终南山
摄影:暄和
最近又有一家“世外高人”在朋友圈被刷屏了。
看上去一切都似乎完美:三口之家隐居田园,男耕女织,一岁萌娃汉服蹒跚,开扉向客。最牛逼的是男主角文武双全,身世不凡,年纪轻轻便身兼“武当松溪派传人”、“道家古琴传人”等诸多头衔。
接连晒出来的图片也是画风“唯美”:抚琴舞剑,长发飘飘,雪中对弈,栅上吹箫,当然还有牵牛犁地、裁衣劈柴之类的生活场景。
当真是此景只应电影有,人间却向何处寻?于是媒体不吝溢美之辞,称“他才是世界上活得最赚的男人”云云。
在围观群众纷纷表达“惊艳”、“羡慕”之余,也有人开始质疑画面、报道所呈现的生活状态的真实性。于是一些Bug被明眼人挑了出来:
连个蒲团都不用就直接坐在雪地下棋,哪怕是十分钟快棋也难保裤子不被透湿;再看围棋盘上,虽然在星位都布了黑白子,中央一团的棋势却围棋不像围棋、五子棋不像五子棋,显然画中人并不会棋,只是摆摆样子拍照而已;至于其他那些琴箫合奏、琴剑合璧的图片,也往往是精心布置画面而不考虑是否符合常理,更有一些拳招架势明显有违拳理……
种种迹象表明,图片所呈现的并非男女主角的真实生活,不过是一场求围观的作秀
如果只是为了开发旅游项目拍些宣传片,或是为了满足情怀拍几组艺术照,倒也无可厚非。问题是,每篇文章都言之凿凿地揭示“这是令人向往的隐士生活”,当事人也煞有介事地以坚心向道的隐逸高人自居,这显然是把中国几千年积淀下来的隐逸精神给玩坏了。

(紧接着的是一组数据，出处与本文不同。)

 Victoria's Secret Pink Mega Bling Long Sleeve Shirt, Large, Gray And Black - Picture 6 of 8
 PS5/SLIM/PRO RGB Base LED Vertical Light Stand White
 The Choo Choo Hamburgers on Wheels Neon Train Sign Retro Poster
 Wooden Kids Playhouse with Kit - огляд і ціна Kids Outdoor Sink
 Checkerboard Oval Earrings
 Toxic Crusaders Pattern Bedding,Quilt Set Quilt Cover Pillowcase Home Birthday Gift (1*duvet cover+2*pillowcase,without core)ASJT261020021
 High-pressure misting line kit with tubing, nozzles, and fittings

并不是住到山里去你就算是个隐士。判别的实质是:到底是息交绝游默默耕耘?还是故作姿态籍以钓誉?

自从上世纪美国人比尔波特的《空谷幽兰》之后,已被中国历史遗忘很久的“隐士”重新回归人们的视野。随着交流的便利和媒体的追踪,人们对“隐士”的好奇呈现愈演愈烈之势,在粉丝时代,“隐居”成为了更为平坦的终南捷径。
以上图片均为终南山,摄影:暄和
近些年来,琴书茶酒诸般雅事都成俗事之后,“城会玩”已经了无新意,于是“乡会玩”渐成新俗。终南捷径也嫌传播太慢,到底还是微信捷近,各种“山居”在朋友圈轮番登场,让人目不暇接。
然而若无真正修持的定力以及智慧,虽居僻壤,却不思闭关自持,修身炼心,日日忙于各种作,各种秀,唯恐天下人不知。其显若此,去于隐,毕竟是背道而驰了。

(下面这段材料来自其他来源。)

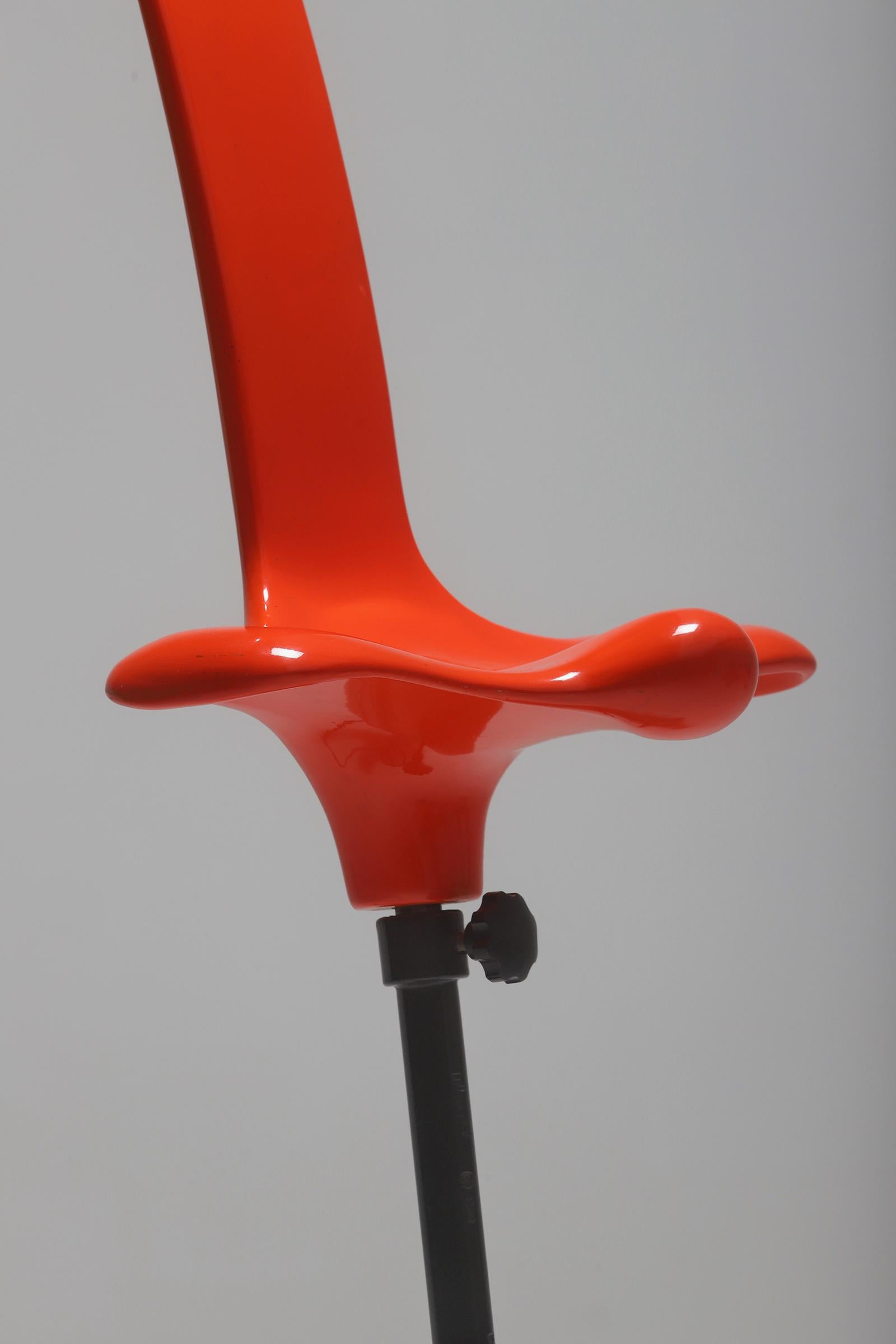 Red modern Appoggio Stool by Claudio Salocchi for Sormani For Sale 1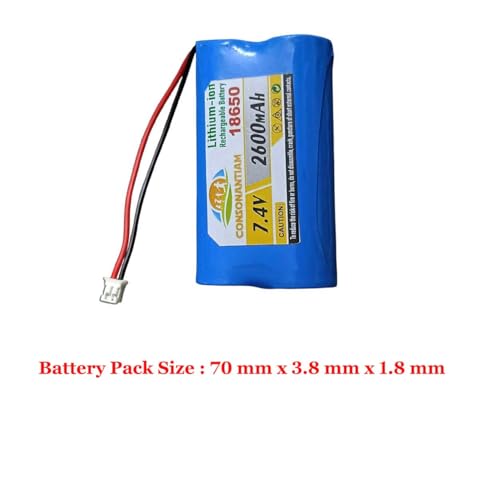 Image of 7.4 Volt Battery Pack 2600 mAH Full Capacity 18650 Lithium Ion Rechargeable Battery Pack with JST 2 Pin Jack Robotics Industrial Inbuilt 2S-3-A BMS Security. (Without BMS Card)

所谓“隐”者,不显于时也。真正的隐士,未必离群索居,却一定是甘于寂寞,不屑浮名。
“隐”是一种态度,或隐一世,或隐一时,乃以特别方式屏闭无意义之干扰,专心于营造自我世界。当其隐,必不虚度,或勤于治学,或潜心修行,或和光同尘而行利益众生之事。
萧统隐而编《文选》,葛洪隐而著丹书,黄公望隐而写山川……历代高隐先贤,无不孜孜而求于内,岂有心于纷纷扰扰?
即令是姜子牙、诸葛亮这般潜龙待时,最终出山以济苍生者,当其于渭水、隆中之际,又岂有招摇过市之举?

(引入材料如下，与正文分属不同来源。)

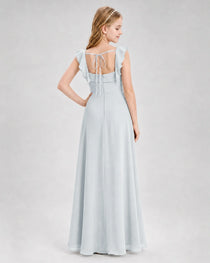 Dideyttawl Square Neck Ruffle Chiffon Junior Bridesmaid Dress with Slit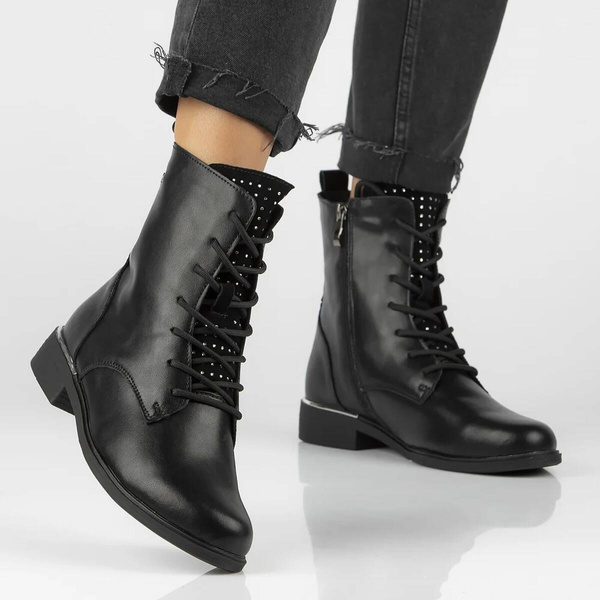 Czarne trapery damskie - Filippo DBT4747/24, czarne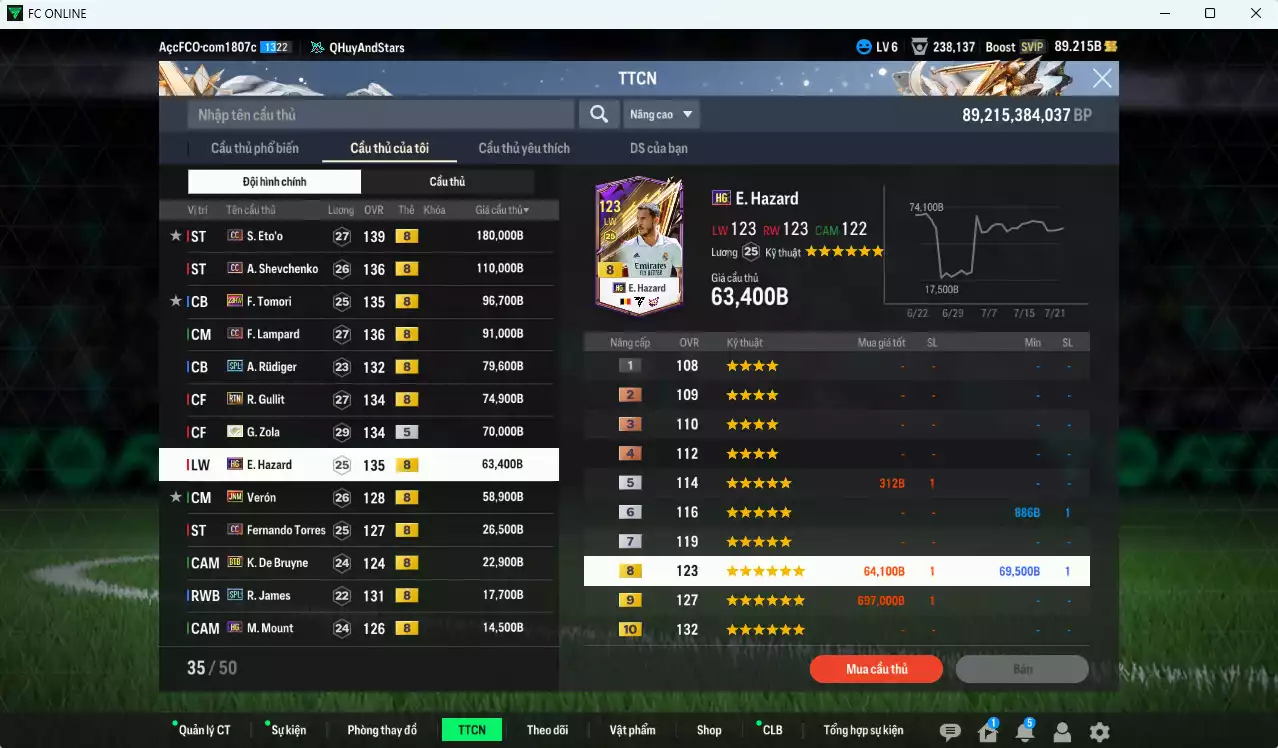 Ảnh [ACC Rẻ🔥] Chelsea 942.810b có Eto CC, Sheva CC, Tomori 23HW, Lampard CC, Rudiger SPL, Gullit RTN, Zola ITM+5, Hazard HG, Verón JNM, Torres CC, K. De Bruyne BTB... Gần full đào tạo chiến thuật, HLV Xịn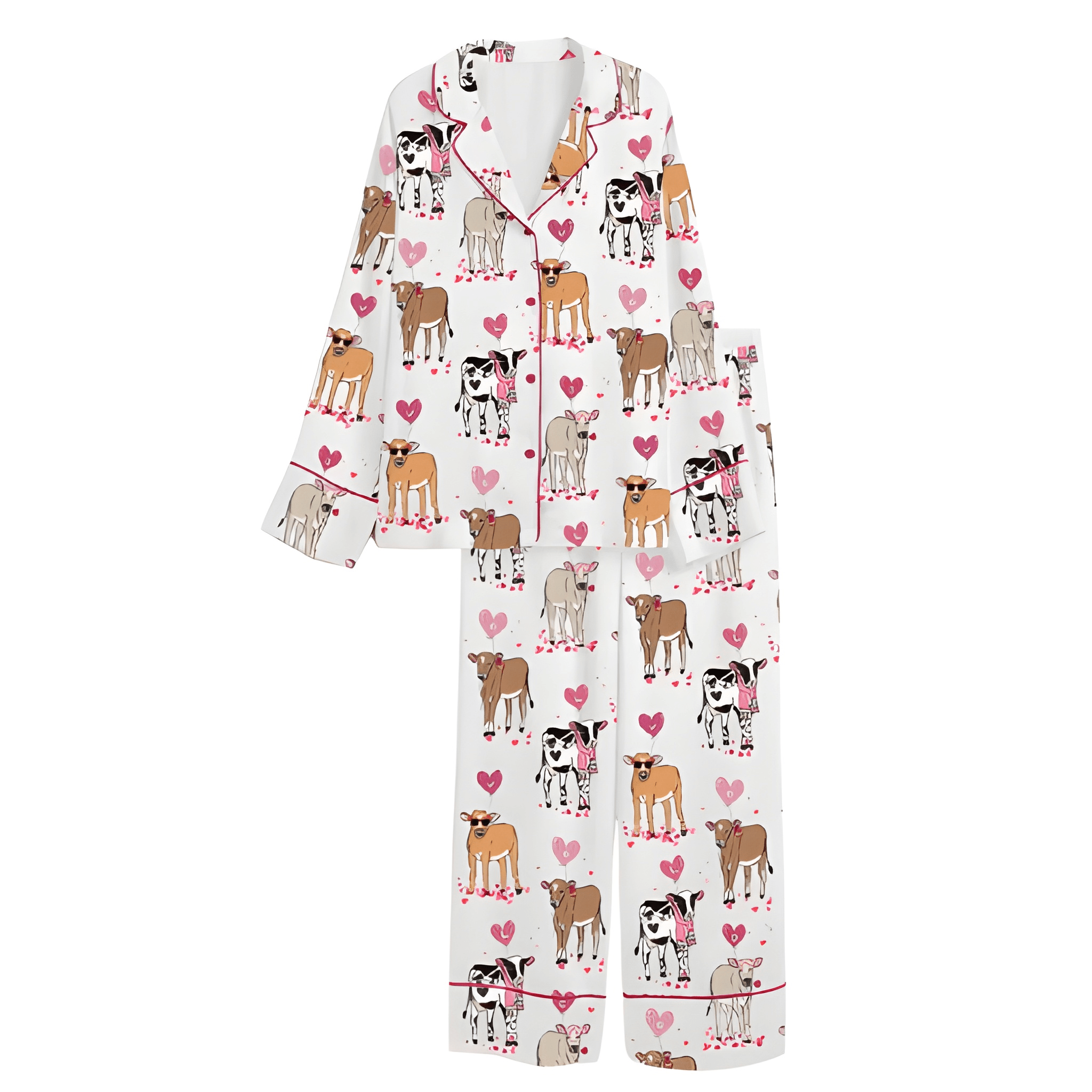Floral Bow And Hospital Equipment Print Satin Pajama Set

《儒林外史》终篇时出现的四个市井百姓,不汲于名,不趋于利,却在谋生之余沉醉于琴棋书画,一箪食,一瓢饮,不改其乐,是为真隐也。 

桐木关
几年前,我结识了一对家在京城的夫妇,两人相识于武夷桐木关,因茶而结情缘。
丈夫与山中茶人亲如家人,对每一片山场了如指掌,多年来热心为茶人出谋划策、推介市场,陪伴着茶人们由窘境渐而致富,然而他自己却至今没有做过一斤一两茶的生意,更未挂过什么大师的头衔;妻子年年与丈夫深入山场,长期同茶人一起采茶、制茶,不舍昼夜,深研工艺奥秘,偶尔撰文,每有真知灼见,却不屑于登坛布道、巧事表演。
贤伉俪为人侠义,交游遍及四海,未尝刻意于隐,也从未高调沽名,虽无隐的形式,却实实在在倾心于田园之乐。在我看来,这是不求隐而有大隐风范。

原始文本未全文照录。